A comprehensive benchmarking framework for Online Analytical Processing (OLAP) database management systems. OLAPBench provides standardized benchmarks and automated testing capabilities across multiple database systems including DuckDB, PostgreSQL, ClickHouse, Hyper, Umbra, MonetDB, SingleStore, SQL Server, and more.
- Overview
- Features
- Supported Database Systems
- Supported Benchmarks
- Installation
- Quick Start
- Configuration
- Running Benchmarks
- Benchmark Results
- Project Structure
- Adding New Systems
- Adding New Benchmarks
- Examples
- Contributing
OLAPBench is designed to provide fair, reproducible, and comprehensive performance comparisons between different OLAP database systems. It automates the entire benchmarking process from data generation and database setup to query execution and result collection.
The framework supports:
- Multiple benchmark suites including TPC-H, TPC-DS, ClickBench, Join Order Benchmark (JOB), Star Schema Benchmark (SSB), and StackOverflow
- Containerized database deployments for consistent testing environments
- Query plan analysis and performance profiling
- Automated result collection and CSV export
- Timeout handling and error recovery
- Version comparison across different database releases
- 🚀 Automated Benchmarking: Complete automation from data generation to result analysis
- 📊 Multiple Metrics: Query execution time, compilation time, memory usage, and result validation
- 🐳 Docker Integration: Containerized database deployments for reproducible environments
- 📈 Query Plan Analysis: Capture and analyze query execution plans
- 🔄 Retry Logic: Automatic retry on failures with container cleanup
- 📝 Comprehensive Logging: Detailed logging with configurable verbosity levels
- 🎯 Selective Testing: Include/exclude specific queries or systems
- 📋 Result Export: CSV export for further analysis and visualization
| Database | Version Support | Container | Notes |
|---|---|---|---|
| DuckDB | 0.7.0+ | ✅ | In-memory and persistent modes |
| PostgreSQL | 12.0+ | ✅ | Full SQL support |
| ClickHouse | Latest | ✅ | Columnar storage optimized |
| Hyper | Latest | ✅ | High-performance engine |
| Umbra | Latest | ✅ | Research prototype |
| MonetDB | Latest | ✅ | Column-store pioneer |
| SingleStore | Latest | ✅ | Distributed SQL |
| SQL Server | Latest | ✅ | Microsoft's enterprise RDBMS |
| CedarDB | Latest | ✅ | Modern analytical engine |
| Apollo | Latest | ✅ | SQL Server variant |
- Purpose: Ad-hoc query performance on business data
- Scale Factors: 0.01, 0.1, 1, 10, 100+ GB
- Queries: 22 complex analytical queries
- Data: Order/lineitem, customer, supplier, part, nation, region tables
- Purpose: Decision support system performance
- Scale Factors: Configurable from MB to TB
- Queries: 99 complex analytical queries
- Data: Retail business model with complex relationships
- Purpose: Real-world web analytics workload
- Data Source: Yandex.Metrica web analytics dataset
- Queries: 43 queries covering typical analytical patterns
- Size: ~100GB of real web traffic data
- Purpose: Complex join performance evaluation
- Data Source: Internet Movie Database (IMDb)
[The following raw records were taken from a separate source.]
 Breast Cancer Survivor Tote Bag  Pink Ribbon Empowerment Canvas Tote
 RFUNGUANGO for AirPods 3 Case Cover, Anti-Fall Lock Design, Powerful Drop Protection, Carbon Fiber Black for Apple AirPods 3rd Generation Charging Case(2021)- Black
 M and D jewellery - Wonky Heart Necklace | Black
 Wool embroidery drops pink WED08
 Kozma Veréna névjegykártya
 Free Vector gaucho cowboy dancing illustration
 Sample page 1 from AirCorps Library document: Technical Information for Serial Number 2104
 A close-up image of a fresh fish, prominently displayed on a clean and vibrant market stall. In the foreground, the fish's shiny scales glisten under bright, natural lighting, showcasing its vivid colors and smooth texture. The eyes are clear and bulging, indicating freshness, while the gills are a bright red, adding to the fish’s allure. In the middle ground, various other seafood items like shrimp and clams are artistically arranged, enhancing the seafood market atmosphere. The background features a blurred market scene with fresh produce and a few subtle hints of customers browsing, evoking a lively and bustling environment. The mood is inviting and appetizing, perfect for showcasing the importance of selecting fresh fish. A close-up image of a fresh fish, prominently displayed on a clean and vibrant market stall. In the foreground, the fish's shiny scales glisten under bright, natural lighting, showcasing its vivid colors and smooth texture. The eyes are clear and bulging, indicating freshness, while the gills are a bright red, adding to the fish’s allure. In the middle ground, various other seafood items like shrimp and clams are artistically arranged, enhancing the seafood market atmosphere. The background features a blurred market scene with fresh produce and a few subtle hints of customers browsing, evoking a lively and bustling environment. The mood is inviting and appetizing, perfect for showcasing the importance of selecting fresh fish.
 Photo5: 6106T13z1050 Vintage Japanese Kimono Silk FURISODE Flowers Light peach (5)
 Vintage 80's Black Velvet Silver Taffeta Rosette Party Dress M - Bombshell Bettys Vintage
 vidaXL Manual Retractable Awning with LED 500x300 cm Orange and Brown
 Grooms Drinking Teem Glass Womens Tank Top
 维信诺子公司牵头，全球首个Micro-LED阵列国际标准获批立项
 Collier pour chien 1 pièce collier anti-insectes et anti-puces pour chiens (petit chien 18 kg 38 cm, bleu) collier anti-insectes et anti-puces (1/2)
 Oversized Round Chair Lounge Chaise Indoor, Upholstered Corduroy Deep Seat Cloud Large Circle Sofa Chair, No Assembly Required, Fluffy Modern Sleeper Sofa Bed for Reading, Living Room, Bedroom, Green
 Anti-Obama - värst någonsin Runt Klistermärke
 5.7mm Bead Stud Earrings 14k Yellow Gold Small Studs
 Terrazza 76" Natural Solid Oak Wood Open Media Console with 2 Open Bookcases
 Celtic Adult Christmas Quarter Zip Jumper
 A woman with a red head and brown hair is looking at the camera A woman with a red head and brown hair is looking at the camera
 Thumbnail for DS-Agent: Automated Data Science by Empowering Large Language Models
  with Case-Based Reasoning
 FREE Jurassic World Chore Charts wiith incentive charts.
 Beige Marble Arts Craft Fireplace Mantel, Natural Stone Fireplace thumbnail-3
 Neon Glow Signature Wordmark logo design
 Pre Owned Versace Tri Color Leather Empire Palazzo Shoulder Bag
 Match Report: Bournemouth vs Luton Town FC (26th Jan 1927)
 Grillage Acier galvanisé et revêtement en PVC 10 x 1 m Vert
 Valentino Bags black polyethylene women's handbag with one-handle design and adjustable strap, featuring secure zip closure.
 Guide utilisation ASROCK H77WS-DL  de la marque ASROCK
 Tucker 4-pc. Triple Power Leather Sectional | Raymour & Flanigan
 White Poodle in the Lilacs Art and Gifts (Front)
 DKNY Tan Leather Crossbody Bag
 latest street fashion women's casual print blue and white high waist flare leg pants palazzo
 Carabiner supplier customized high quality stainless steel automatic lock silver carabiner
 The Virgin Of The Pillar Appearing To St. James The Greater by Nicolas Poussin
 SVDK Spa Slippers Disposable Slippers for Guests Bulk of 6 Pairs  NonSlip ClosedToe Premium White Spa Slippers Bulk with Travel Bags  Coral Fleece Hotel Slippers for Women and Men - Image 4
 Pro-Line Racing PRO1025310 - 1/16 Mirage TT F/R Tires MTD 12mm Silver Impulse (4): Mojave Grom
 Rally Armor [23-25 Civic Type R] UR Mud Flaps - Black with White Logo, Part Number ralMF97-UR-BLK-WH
- Queries: 113 queries with complex join patterns
- Focus: Multi-table joins and query optimization
- Purpose: Star schema performance (derived from TPC-H)
- Schema: Simplified star schema design
- Queries: 13 queries testing different analytical patterns
- Use Case: Data warehouse workloads
- Purpose: Real-world forum data analysis
- Data Source: StackOverflow database dump
- Queries: Analytical queries on posts, users, votes, comments
- Size: Multi-GB real dataset
- Python 3.7+
- Docker (for containerized database systems)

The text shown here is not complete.